This little penguin is another free design from Badbird. I wasn't sure what to do with him after I embroidered him, so I ended up making a quilted door hanger. The quilting isn't great (it was my first attempt) but I love the embroidery and I think it made a festive addition to our otherwise boring white door/white wall area.
And finally, my favorite holiday embroidery project: Charlie Brown's sad little Christmas tree, complete with Linus's blanket around the base! I drew this myself, based on a few animation stills I found online. I'm not all that artistic, but I can handle cartoon or doodle-type drawing pretty well. I outlined all of the embroidery in black to make it more Peanuts-esque, and I finished it off with a hoop I had painted green. It hung from the doorknob to our coat closet.
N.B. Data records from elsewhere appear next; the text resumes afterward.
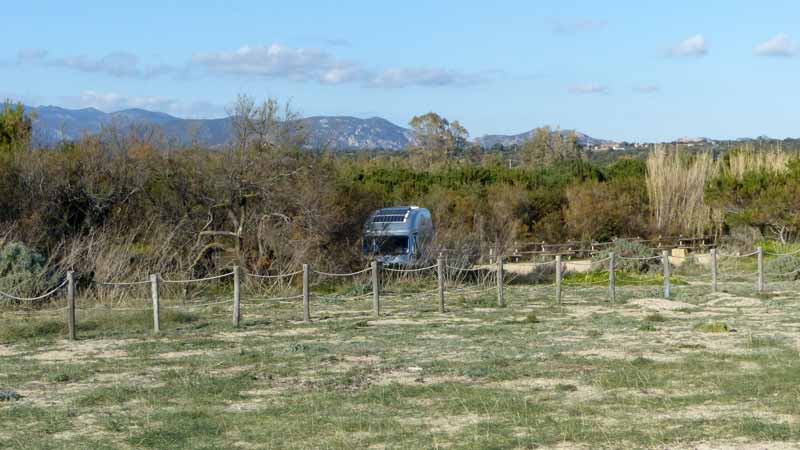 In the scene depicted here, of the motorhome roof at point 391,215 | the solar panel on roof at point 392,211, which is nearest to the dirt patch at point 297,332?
the motorhome roof at point 391,215

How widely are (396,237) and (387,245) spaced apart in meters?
0.35

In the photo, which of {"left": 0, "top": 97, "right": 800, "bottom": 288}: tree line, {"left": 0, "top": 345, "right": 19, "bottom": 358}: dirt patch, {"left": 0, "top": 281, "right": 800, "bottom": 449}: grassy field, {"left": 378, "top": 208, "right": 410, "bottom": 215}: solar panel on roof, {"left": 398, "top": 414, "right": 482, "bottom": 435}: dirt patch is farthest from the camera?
{"left": 378, "top": 208, "right": 410, "bottom": 215}: solar panel on roof

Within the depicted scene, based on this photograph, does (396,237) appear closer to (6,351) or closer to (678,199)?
(6,351)

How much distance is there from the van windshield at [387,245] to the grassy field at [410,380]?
7.78 m

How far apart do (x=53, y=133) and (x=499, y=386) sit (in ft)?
78.2

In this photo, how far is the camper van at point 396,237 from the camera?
88.8ft

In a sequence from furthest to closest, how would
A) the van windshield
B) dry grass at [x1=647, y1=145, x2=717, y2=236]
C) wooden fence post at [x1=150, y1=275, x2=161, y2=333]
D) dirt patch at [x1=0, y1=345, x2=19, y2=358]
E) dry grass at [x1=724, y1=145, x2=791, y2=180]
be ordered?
dry grass at [x1=647, y1=145, x2=717, y2=236] → dry grass at [x1=724, y1=145, x2=791, y2=180] → the van windshield → wooden fence post at [x1=150, y1=275, x2=161, y2=333] → dirt patch at [x1=0, y1=345, x2=19, y2=358]

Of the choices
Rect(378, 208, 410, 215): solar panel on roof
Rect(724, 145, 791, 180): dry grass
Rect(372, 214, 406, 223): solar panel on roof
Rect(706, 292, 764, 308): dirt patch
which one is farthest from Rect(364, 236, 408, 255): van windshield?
Rect(724, 145, 791, 180): dry grass

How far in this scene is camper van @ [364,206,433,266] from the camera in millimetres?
27062

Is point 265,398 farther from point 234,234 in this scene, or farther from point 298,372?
point 234,234

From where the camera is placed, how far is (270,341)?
50.9 feet

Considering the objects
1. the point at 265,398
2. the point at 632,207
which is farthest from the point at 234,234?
the point at 632,207

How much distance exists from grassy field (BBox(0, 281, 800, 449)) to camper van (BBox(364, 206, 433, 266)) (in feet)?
25.0

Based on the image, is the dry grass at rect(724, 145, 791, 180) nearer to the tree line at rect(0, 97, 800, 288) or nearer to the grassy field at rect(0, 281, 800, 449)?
the tree line at rect(0, 97, 800, 288) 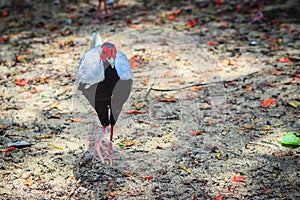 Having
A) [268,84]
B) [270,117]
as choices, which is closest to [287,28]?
[268,84]

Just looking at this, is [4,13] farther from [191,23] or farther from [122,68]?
[122,68]

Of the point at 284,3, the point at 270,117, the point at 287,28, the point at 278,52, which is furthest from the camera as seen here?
the point at 284,3

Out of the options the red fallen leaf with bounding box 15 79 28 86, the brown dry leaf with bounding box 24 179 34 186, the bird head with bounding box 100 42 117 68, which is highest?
the bird head with bounding box 100 42 117 68

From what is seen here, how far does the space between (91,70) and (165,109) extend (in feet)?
4.48

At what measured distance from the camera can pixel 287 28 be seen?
596 centimetres

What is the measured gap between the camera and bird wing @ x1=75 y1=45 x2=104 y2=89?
2.87 m

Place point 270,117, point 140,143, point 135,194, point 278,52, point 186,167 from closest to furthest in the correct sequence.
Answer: point 135,194 → point 186,167 → point 140,143 → point 270,117 → point 278,52

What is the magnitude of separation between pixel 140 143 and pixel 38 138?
877 millimetres

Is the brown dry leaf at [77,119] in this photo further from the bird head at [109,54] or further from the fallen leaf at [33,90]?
the bird head at [109,54]

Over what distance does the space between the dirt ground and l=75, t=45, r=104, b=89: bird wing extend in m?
0.74

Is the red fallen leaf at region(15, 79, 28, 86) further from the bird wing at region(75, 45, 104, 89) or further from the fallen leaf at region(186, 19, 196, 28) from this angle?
the fallen leaf at region(186, 19, 196, 28)

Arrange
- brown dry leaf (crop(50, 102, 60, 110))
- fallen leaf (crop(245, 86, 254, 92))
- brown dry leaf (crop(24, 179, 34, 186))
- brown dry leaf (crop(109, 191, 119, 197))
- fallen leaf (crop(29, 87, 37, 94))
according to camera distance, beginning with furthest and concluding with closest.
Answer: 1. fallen leaf (crop(29, 87, 37, 94))
2. fallen leaf (crop(245, 86, 254, 92))
3. brown dry leaf (crop(50, 102, 60, 110))
4. brown dry leaf (crop(24, 179, 34, 186))
5. brown dry leaf (crop(109, 191, 119, 197))

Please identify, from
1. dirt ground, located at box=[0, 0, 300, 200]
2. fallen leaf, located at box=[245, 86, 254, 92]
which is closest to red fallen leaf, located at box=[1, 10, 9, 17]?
dirt ground, located at box=[0, 0, 300, 200]

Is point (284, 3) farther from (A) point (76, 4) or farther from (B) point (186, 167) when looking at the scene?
(B) point (186, 167) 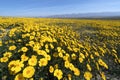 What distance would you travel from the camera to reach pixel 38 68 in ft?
13.8

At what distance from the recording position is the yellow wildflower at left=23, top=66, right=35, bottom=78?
12.3 ft

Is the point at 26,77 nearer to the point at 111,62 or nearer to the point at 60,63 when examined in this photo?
the point at 60,63

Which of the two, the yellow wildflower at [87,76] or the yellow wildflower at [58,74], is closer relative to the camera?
the yellow wildflower at [58,74]

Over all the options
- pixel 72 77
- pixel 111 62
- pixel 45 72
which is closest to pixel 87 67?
pixel 72 77

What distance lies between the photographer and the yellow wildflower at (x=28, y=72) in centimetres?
376

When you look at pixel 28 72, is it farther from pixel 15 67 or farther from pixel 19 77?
pixel 15 67

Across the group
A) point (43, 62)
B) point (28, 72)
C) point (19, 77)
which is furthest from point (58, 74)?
point (19, 77)

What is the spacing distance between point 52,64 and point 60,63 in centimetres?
17

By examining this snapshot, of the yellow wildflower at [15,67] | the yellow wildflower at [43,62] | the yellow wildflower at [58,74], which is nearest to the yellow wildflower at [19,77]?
the yellow wildflower at [15,67]

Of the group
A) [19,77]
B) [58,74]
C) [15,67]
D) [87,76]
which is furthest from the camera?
[87,76]

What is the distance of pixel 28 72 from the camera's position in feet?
12.6

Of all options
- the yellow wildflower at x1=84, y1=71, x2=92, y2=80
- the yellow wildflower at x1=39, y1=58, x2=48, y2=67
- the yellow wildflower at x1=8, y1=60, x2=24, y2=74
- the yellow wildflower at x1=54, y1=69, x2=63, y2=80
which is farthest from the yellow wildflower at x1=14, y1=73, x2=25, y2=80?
the yellow wildflower at x1=84, y1=71, x2=92, y2=80

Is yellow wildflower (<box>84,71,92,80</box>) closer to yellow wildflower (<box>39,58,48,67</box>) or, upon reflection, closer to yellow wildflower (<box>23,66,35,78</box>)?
yellow wildflower (<box>39,58,48,67</box>)

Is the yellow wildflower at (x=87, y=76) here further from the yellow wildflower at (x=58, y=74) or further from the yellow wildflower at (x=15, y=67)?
the yellow wildflower at (x=15, y=67) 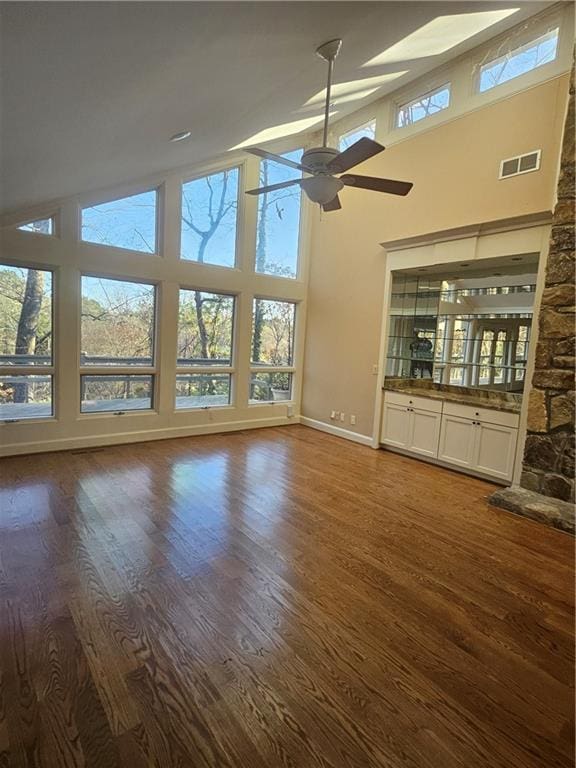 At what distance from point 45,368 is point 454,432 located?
5.00 metres

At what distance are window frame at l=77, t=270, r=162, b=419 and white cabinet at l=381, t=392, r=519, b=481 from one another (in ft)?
10.8

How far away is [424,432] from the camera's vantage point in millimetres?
5039

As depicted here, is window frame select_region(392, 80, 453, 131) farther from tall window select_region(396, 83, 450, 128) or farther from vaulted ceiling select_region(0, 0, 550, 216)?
vaulted ceiling select_region(0, 0, 550, 216)

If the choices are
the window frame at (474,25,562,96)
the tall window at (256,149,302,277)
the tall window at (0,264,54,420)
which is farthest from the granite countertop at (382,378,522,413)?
Answer: the tall window at (0,264,54,420)

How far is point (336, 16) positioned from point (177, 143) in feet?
6.51

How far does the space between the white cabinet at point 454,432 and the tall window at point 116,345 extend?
347cm

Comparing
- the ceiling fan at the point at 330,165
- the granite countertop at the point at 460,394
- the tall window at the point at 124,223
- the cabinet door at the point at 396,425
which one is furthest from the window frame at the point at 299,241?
the ceiling fan at the point at 330,165

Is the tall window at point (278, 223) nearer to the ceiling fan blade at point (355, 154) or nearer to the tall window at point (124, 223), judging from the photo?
the tall window at point (124, 223)

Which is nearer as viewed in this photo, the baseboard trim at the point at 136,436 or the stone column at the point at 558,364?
the stone column at the point at 558,364

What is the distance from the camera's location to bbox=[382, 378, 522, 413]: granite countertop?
4.37 m

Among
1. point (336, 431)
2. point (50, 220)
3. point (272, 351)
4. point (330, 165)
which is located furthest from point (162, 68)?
point (336, 431)

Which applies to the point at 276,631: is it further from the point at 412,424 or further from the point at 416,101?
the point at 416,101

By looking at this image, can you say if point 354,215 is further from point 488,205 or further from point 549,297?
point 549,297

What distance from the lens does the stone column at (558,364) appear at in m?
3.53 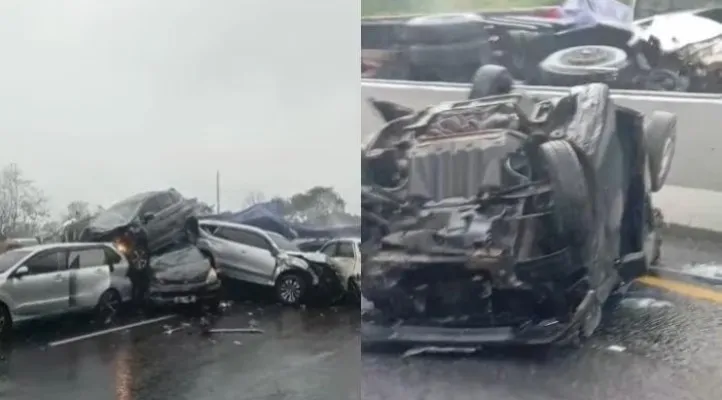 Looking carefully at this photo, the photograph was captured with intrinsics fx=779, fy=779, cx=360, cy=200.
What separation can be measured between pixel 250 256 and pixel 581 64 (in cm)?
107

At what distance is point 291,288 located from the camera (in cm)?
225

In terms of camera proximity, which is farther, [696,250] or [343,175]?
[343,175]

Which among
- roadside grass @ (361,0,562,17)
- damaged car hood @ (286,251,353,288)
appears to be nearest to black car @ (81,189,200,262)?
damaged car hood @ (286,251,353,288)

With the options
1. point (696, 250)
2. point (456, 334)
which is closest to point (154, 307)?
point (456, 334)

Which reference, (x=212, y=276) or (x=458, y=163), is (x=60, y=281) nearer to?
(x=212, y=276)

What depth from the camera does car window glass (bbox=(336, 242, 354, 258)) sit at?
2227 millimetres

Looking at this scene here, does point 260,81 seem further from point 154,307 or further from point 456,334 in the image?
point 456,334

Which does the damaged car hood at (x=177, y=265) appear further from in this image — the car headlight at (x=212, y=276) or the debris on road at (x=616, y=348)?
the debris on road at (x=616, y=348)

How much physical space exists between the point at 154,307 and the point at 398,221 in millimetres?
736

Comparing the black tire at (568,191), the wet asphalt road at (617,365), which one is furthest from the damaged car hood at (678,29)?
the wet asphalt road at (617,365)

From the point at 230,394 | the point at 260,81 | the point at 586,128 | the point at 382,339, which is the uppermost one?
the point at 260,81

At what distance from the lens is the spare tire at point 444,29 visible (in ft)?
7.09

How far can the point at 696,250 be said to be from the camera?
208 centimetres

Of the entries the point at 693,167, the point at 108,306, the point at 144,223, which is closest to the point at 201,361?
the point at 108,306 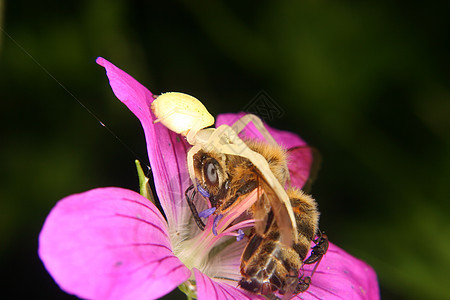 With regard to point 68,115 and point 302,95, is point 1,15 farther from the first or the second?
point 302,95

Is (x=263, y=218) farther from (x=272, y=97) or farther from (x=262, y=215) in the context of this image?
(x=272, y=97)

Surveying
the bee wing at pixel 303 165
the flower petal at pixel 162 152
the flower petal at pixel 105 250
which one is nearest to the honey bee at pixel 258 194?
the flower petal at pixel 162 152

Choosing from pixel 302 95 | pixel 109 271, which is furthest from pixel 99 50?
pixel 109 271

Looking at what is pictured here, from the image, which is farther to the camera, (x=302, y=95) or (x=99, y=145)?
(x=302, y=95)

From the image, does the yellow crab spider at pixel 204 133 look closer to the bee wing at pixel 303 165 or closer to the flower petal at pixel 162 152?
the flower petal at pixel 162 152

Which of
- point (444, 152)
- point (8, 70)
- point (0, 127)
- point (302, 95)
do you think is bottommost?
point (0, 127)

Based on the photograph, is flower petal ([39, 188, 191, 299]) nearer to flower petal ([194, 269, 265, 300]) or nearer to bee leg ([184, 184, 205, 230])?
flower petal ([194, 269, 265, 300])

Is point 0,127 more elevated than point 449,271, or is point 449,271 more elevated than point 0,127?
point 449,271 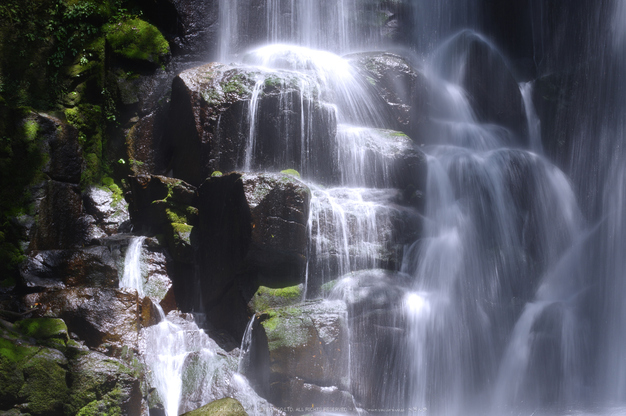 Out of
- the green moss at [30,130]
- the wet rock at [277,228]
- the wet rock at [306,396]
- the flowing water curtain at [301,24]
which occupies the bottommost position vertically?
the wet rock at [306,396]

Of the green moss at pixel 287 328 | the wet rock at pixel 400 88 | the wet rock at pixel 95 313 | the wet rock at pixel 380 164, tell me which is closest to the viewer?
the wet rock at pixel 95 313

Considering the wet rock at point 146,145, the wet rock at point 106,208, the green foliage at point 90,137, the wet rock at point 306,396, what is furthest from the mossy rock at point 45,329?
the wet rock at point 146,145

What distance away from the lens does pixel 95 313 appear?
5.38 m

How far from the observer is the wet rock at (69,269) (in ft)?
19.2

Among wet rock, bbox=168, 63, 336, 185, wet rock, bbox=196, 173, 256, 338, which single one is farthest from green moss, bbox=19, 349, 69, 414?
wet rock, bbox=168, 63, 336, 185

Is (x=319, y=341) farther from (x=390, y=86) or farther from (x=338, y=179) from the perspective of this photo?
(x=390, y=86)

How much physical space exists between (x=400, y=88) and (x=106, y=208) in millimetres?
7146

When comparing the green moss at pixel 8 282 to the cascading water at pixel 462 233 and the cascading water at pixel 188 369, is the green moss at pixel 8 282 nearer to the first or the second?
the cascading water at pixel 188 369

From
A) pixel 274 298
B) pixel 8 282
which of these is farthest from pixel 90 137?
pixel 274 298

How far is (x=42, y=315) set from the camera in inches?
207

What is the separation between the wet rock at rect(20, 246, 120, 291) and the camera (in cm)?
587

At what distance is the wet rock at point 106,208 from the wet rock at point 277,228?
10.8 feet

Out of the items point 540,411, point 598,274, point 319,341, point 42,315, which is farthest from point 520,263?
point 42,315

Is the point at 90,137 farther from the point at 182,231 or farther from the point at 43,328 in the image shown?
the point at 43,328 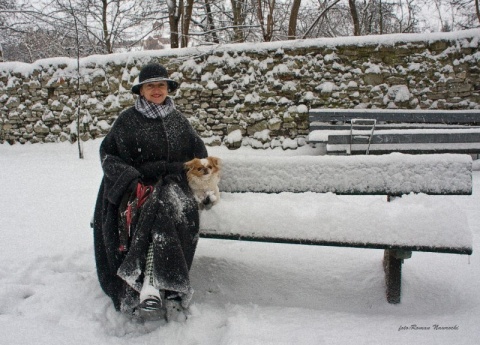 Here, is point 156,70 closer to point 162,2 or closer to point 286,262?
point 286,262

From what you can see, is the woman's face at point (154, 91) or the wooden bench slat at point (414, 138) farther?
the wooden bench slat at point (414, 138)

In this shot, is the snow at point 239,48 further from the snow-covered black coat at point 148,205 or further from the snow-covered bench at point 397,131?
the snow-covered black coat at point 148,205

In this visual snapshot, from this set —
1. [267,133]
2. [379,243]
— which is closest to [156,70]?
[379,243]

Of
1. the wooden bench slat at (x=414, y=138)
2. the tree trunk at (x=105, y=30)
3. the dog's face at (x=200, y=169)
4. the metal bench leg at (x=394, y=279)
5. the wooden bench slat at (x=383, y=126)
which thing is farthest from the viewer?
the tree trunk at (x=105, y=30)

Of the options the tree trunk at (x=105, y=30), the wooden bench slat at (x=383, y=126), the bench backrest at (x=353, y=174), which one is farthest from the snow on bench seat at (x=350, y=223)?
the tree trunk at (x=105, y=30)

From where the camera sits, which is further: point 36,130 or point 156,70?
point 36,130

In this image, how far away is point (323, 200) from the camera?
2404mm

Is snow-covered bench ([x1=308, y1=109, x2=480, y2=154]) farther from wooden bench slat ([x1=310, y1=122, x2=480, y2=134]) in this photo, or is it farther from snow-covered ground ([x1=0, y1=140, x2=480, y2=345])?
snow-covered ground ([x1=0, y1=140, x2=480, y2=345])

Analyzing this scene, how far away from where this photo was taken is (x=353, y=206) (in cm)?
221

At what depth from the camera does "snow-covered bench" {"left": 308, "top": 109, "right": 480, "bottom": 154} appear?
213 inches

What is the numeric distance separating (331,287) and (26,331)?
1.83 meters

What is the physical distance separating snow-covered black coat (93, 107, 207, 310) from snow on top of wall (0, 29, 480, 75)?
5179 mm

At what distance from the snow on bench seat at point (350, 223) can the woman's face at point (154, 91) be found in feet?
2.78

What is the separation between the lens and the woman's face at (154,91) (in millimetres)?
2447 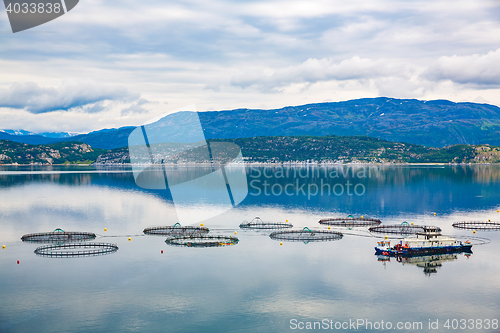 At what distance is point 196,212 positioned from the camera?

So, as you can see, my embroidery was off to a running start! The holidays were a good excuse to jump right in. I'm not sure I would have been so ambitious if I had started embroidering at any other time of year. :)

Thursday, January 19, 2012

Adventures in Hand-Sewing (aka What Led Me to Purchase My First Sewing Machine)

Over the past few years, my extended family has grown as my cousins and their significant others started adding to their family. My cousin Becky and her husband Paul have two boys, Ryan and Trevor. Ryan is my Godson and was the first of the new generation. He's turning 5 next month. Trevor is 1 1/2. My cousin Chrissy and her husband Rich have two kids, as well. Sienna is 4 1/2 and Shane is 2 1/2. All four kids are ridiculously cute and I've been enjoying watching their personalities develop. I see them pretty often, and I knew I wanted to make them each something special for Christmas.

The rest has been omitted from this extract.